▶ [DESCRIPTION OF THE TASK] Working from the records below, repeat exactly the lines starting at the line that contains "Dom 2 piętrowy, ogród" and ending at the line that contains "Dachgeschoßwohnung Königswartha - 2", inclusive.

▶ [ENTRIES SUPPLIED]
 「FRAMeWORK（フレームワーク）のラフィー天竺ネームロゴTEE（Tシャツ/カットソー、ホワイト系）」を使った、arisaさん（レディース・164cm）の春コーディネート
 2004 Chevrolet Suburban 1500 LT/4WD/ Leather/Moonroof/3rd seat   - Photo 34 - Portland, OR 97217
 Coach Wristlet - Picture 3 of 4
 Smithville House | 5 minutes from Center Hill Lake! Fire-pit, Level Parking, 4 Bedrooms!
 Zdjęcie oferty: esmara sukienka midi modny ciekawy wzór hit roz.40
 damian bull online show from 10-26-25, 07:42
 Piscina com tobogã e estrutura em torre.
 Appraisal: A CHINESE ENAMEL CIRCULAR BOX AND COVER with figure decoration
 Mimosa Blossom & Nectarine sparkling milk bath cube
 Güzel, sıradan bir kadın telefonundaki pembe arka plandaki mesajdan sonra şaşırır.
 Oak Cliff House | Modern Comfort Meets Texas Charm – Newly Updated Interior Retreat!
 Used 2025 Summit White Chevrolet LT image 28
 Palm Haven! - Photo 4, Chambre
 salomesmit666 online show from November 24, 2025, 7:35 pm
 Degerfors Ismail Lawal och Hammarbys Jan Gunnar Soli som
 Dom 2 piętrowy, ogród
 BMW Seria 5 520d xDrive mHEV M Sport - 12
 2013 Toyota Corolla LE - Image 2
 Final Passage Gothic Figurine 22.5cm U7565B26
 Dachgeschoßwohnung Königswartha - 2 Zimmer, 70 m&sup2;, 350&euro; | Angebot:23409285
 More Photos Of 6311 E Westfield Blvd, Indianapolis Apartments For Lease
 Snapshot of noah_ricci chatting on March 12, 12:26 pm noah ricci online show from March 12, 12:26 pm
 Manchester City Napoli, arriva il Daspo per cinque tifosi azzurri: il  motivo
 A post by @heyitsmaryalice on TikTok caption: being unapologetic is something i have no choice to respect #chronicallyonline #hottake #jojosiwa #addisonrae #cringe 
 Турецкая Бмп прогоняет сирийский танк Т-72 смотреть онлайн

▶ [WRITTEN SOLUTION]
 Dom 2 piętrowy, ogród
 BMW Seria 5 520d xDrive mHEV M Sport - 12
 2013 Toyota Corolla LE - Image 2
 Final Passage Gothic Figurine 22.5cm U7565B26
 Dachgeschoßwohnung Königswartha - 2 Zimmer, 70 m&sup2;, 350&euro; | Angebot:23409285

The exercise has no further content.